Chui, a leader of the firm's research in "disruptive technologies" like artificial intelligence, sees autonomous vehicles on the streets of the San Francisco Bay Area, where he lives. But they have a ways still to go.
Recognizing a stop sign is easy for a machine, unless some person messes with the sign by putting stickers on it. Then it might be read not as an instruction to stop, according to a study a couple of years ago, but as a speed limit sign. That's obviously dangerous.
Chui described self-driving car technology as "amazing" as it is right now, but he knows mass adoption of this kind of technology isn't happening anytime soon.

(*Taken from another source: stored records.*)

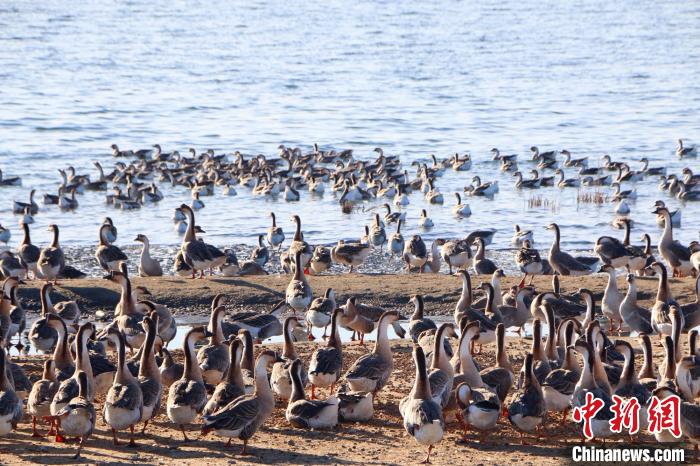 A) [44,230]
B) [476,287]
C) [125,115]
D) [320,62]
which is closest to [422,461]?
[476,287]

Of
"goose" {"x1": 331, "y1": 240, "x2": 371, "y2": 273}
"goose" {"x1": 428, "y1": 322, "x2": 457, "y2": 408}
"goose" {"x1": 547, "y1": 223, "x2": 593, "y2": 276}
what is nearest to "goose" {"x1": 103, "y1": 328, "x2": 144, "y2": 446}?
"goose" {"x1": 428, "y1": 322, "x2": 457, "y2": 408}

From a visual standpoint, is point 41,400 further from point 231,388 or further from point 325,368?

But here's the equally important message he had last week: We need that time, before technologies like autonomous vehicles blossom, to figure out how to get millions of people into different kinds of paid work or how to pay them in new ways for what they do.
Chui is a partner with the McKinsey Global Institute, created by the consulting company McKinsey. He has a Ph.D. and described himself as a private-sector professor, but he also has experience as a problem-solver in other jobs.
He has lately been working mostly on the expected effect on work and business of artificial intelligence, a term that to him means "technologies that allow machines to accomplish cognitive functions, i.e., those that people associate with human minds."
It was research by Chui and his group a couple of years ago that made news by concluding that maybe half of the work people do could be taken over by machines with what they called "currently demonstrated technologies," which meant the invention phase was already over. And six out of 10 occupations could have up to 30% of their work done by machines.